Good Book Hunting, Saturday, October 23, 2021: ABC Books

Yesterday, we stopped at ABC Books for a book signing since we were in the area (well, an hour away in Wheatland, Missouri, for a cross country meet). I was pleased the meet was not delayed so long that I could not make the afternoon book signing. We actually got there, still cold and wet (going on five hours of being cold and wet), right as the signing started, actually, so the authors were talking with some other fans and blocking the way to the martial arts books, so I could not complete my regular circuit.

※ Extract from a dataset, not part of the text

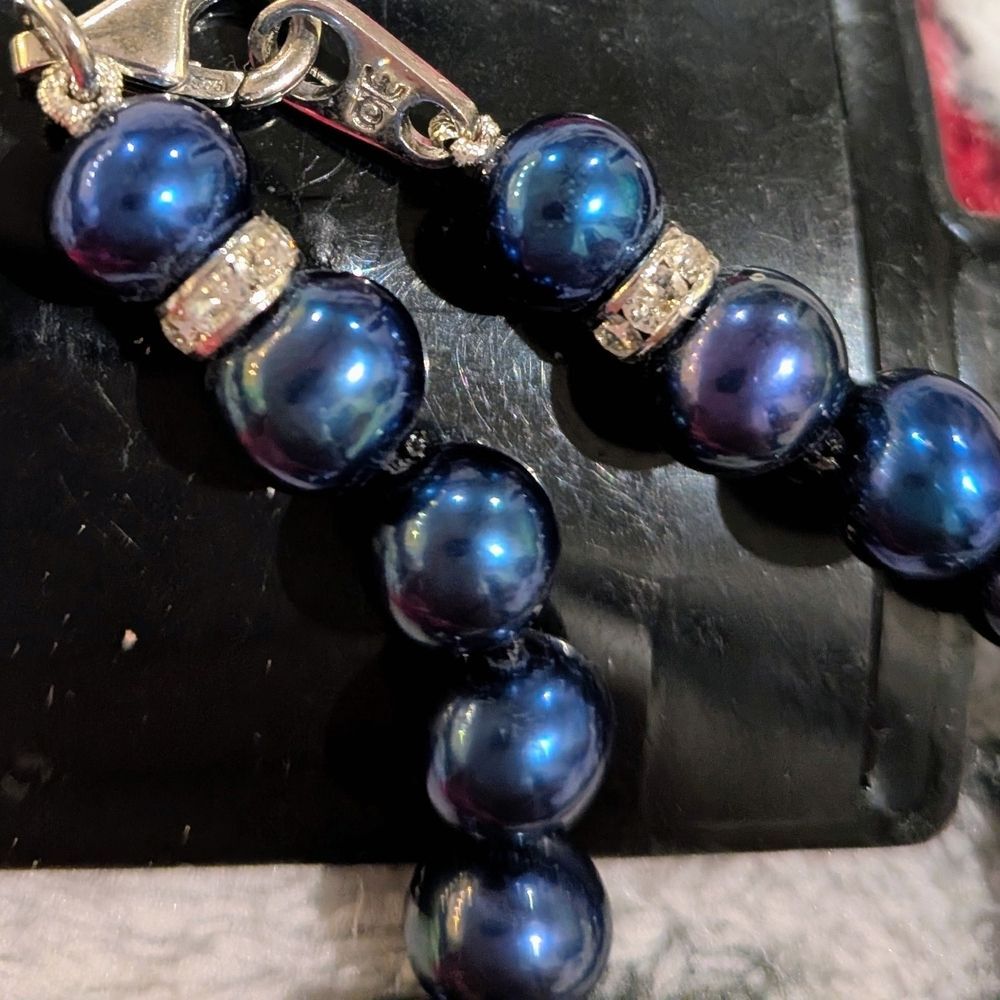 Danbury Mint Vintage Blue Cultured Pearl Statement Necklace Rhinestone Accents - Picture 2 of 3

I wanted to get home, so I did not linger, but I did pick up a couple of things to read by the warm fire.

I got:

  • The signing authors’ book, Ozarks Hillbilly: Stereotype and Reality by Tom Koob with Curtis Copeland, a study with anecdotes about the archetype. Hopefully more anecdotal than academic.
  • Horizons and Landmarks, a 1911 collection of poetry by Sidney Royse Lysaght. From 1911, not about the gun.
  • Fugitive Blues, a chapbook by Debra Kang Dean published by Moon City Press who has recently rejected some of my new poetry. Not that I will let my bitterness affect my review. If it’s contemporary poetry, I shall be cranky about it anyway.
  • At The End of the Rainbow by Mary Morley Gunn, vintage grandmother poetry comb-bound from 1974.
  • I Once Gazed At You In Wonder by Jan Heller Levi which is a hardback collection of poetry from 1999.
  • Everything You Need to Know About Philosophy, an entry in the Pocket Professor series by Steve Herman, Ph.D., with Gregg Stebben. It will go along with the Giants of Philosophy audiocassettes I’ve been listening to, and it will augment what I have learned there or, if it’s too contemporary, make me angry. It’s shorter than the Copleston History of Philosophy series, anyway.

I won’t go into how much I spent since I’m moving out of the cheapest books that Mr. and Mrs. E. have to offer, but they’re not the really nice collectibles that they have that I hope to get with gift cards some day. At the end, though, I would probably be better off just buying the bookstore in toto instead of a little at a time. Perhaps then I would limit myself to taking a book or two at a time when I’m looking for something to read instead of buying five or ten to put on my shelves and then read one or two before I’m back again.